Visual artist Meaghan Shelton engages her trans-disciplinary practice to address the ineffable aspects of women’s experience through the lens of traditional art practice. Based in the Hinterland of the Sunshine Coast, Shelton draws from her own story as that of a fourth generation Irish-Anglo, Australian woman.
Relying on the evocation of memory within domestic spaces, her exploration of the craft/ fine art nexus challenges the connection between historical marginalization of art made by women and its hierarchical valuing of materiality. These self-imposed frameworks allow her to examine insider/ outsider as that which can be experienced simultaneously. In doing so, she upends exclusions and dissolves boundaries to reveal a new semiology by which to identify rites of passage of the feminine.

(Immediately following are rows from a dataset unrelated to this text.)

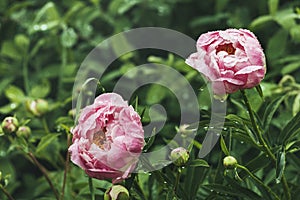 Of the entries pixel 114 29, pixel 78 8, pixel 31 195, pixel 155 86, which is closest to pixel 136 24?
pixel 114 29

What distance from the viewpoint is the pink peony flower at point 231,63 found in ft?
2.70

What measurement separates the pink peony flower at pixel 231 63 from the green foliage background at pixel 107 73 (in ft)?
0.83

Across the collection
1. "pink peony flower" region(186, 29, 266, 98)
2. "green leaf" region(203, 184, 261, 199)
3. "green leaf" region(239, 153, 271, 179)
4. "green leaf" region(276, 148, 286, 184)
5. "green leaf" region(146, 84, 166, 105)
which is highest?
"pink peony flower" region(186, 29, 266, 98)

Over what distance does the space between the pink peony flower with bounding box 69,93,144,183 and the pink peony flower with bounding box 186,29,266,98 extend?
0.38 ft

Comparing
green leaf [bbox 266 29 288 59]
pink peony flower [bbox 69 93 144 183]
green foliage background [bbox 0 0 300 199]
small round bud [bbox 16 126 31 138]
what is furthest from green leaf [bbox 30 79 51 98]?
pink peony flower [bbox 69 93 144 183]

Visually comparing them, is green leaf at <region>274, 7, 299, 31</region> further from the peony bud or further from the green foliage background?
A: the peony bud

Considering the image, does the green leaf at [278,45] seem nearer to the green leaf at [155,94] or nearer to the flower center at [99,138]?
the green leaf at [155,94]

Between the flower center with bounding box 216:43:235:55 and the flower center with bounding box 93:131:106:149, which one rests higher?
the flower center with bounding box 216:43:235:55

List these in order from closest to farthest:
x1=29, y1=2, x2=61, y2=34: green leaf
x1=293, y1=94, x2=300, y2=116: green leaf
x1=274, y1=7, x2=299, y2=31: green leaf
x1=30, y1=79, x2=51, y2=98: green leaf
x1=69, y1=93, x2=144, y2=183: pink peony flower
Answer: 1. x1=69, y1=93, x2=144, y2=183: pink peony flower
2. x1=293, y1=94, x2=300, y2=116: green leaf
3. x1=274, y1=7, x2=299, y2=31: green leaf
4. x1=30, y1=79, x2=51, y2=98: green leaf
5. x1=29, y1=2, x2=61, y2=34: green leaf

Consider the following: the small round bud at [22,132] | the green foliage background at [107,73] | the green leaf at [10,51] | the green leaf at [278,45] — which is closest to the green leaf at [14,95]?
the green foliage background at [107,73]

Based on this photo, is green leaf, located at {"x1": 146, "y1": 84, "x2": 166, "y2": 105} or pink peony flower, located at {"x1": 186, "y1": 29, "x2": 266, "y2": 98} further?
green leaf, located at {"x1": 146, "y1": 84, "x2": 166, "y2": 105}

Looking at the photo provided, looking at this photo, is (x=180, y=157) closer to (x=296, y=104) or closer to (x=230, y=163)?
(x=230, y=163)

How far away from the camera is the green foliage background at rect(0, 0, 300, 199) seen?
1.22 m

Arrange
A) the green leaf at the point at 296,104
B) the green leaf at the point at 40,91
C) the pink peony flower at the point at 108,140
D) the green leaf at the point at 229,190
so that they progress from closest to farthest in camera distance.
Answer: the pink peony flower at the point at 108,140
the green leaf at the point at 229,190
the green leaf at the point at 296,104
the green leaf at the point at 40,91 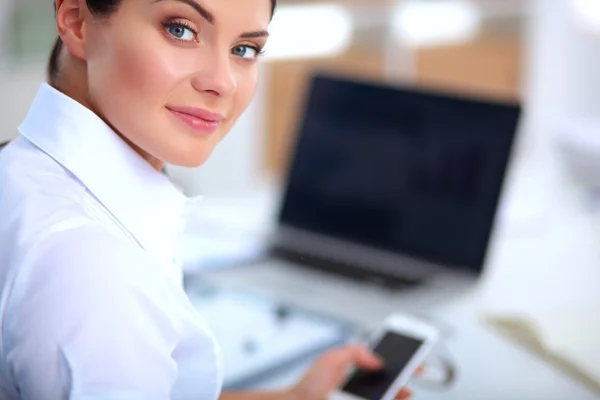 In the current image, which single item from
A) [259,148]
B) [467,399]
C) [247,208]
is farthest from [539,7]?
[467,399]

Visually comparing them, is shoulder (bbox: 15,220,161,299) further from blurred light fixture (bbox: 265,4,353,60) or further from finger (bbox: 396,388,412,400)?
blurred light fixture (bbox: 265,4,353,60)

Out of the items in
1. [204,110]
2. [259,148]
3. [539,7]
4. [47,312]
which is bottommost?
[259,148]

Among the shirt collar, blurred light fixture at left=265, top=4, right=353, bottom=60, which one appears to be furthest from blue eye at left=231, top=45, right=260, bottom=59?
blurred light fixture at left=265, top=4, right=353, bottom=60

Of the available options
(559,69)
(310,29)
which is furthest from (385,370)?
(559,69)

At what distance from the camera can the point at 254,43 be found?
1.86ft

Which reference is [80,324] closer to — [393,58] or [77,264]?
[77,264]

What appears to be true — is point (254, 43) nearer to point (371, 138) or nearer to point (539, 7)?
point (371, 138)

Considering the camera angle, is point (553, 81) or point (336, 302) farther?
point (553, 81)

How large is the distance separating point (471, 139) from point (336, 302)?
12.3 inches

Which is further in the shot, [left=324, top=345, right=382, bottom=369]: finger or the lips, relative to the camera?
[left=324, top=345, right=382, bottom=369]: finger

The aesthetic vocabulary of Meaghan’s practice incorporates a subconscious aspect of survival and the malleable ability of many women to adapt within their apparent habitat. The diving helmet as a symbol of survival offers the idea of finding a way. A way to meet one’s objectives, to do one’s work, to have a sense of purpose and exploration and still survive, is very much a part of the symbolic nature of the helmet. How do we survive in a world that we don’t quite fit into? Diving Helmet presents a human portrait posing the sense of being aware of one’s breathing, one’s own heartbeat, the awareness of being a living breathing person. It’s crocheted sheath or Overlay which, if stretched over the metal framed sculpture that is the diving helmet, is a perfect replica. Yet suspended on it’s own, without armature for support, it takes on the presence of a child’s garment, its delicate copper twinkling in the light.